Two months and considerable trouble later, his escape report was canceled, 11 years after it was filed. He still, however, did not have a valid iqama, necessary to change sponsorship.
In 2008, the employer replied to the royal order issued by the Baha governor, which dictated that Mohammed’s sponsorship be transferred. In the letter that was registered with the Al-Baha Chamber of Commerce, the employer states that Mohammed’s sponsorship would be completed in two months.
It never happened, simply because the person charged with finishing Mohammed’s iqama renewal and transfer of sponsorship paperwork had been evading him since 2008. According to Mohammed, the management is behind it.
He has written numerous letters to and visited with Natasha Baha Gov. Prince Mishari bin Saud, several government officials, the Human Rights Commission and labor court judges, to name a few, all of whom have ordered that his sponsorship be transferred.
The employer replied that it would comply with the order to transfer his sponsorship to his wife's iqama, but the paperwork never got done, as his iqama had yet to be renewed by the same person who was supposed to transfer his sponsorship. There is also little, if any, follow-up done by the relevant authorities once the order had been given.
In a letter dated Dec. 13, 2010, to the managing director of the employer who is also the owner’s son, Mohammed pleaded for mercy.
The letter read: “You are a good human being. I have known you personally when I was working at the PDS department in Riyadh, don’t know what went wrong.
“I can just express with these words the pain me and my family is going through, I never asked (anything of) anyone except to resolve my status problem. Ten years of my life has been wasted. For these 10 years I just request you only for one thing, from your honorable office that to kindly renew my release papers.”

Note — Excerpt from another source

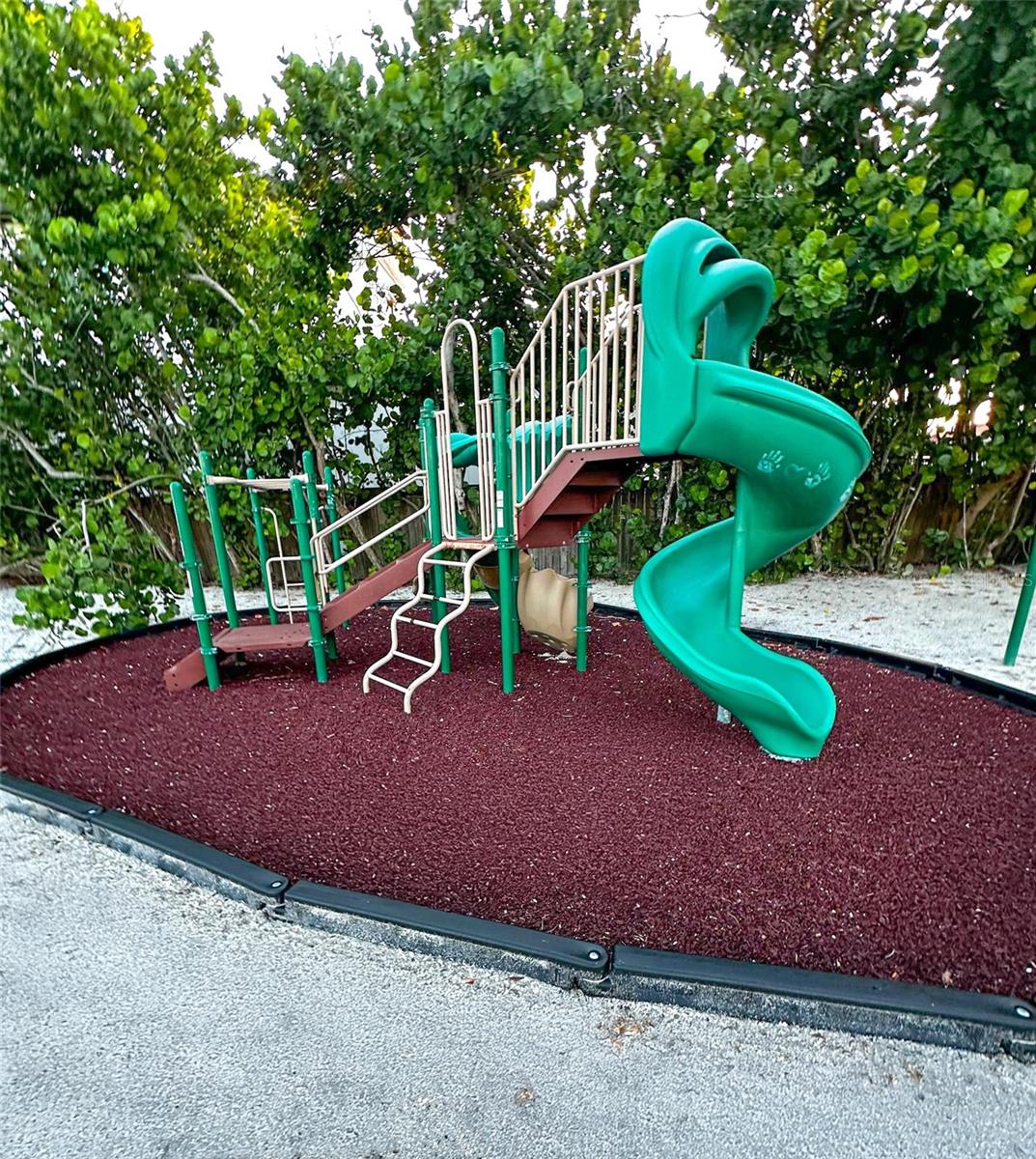7825 SANDERLING RD — photo 44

That letter went unanswered.
Arab News made several attempts to reach the owner and managing director by telephone. A receptionist who answered the main number said he was aware of Mohammed’s case and that Arab News should contact human resources. Numerous calls by Arab News to the company’s human resources department in Riyadh went unanswered, as were several messages.
Arab News has retained copies of correspondence between Mohammed and the employer and between Mohammed and various government departments including royal orders and Interior Ministry documents relating to this case.
To date, Mohammed remains without a valid iqama, all his avenues for relief exhausted. He is currently stuck in Jeddah, desperate, and now lonely. The last time he was outside of Saudi Arabia was 20 years ago.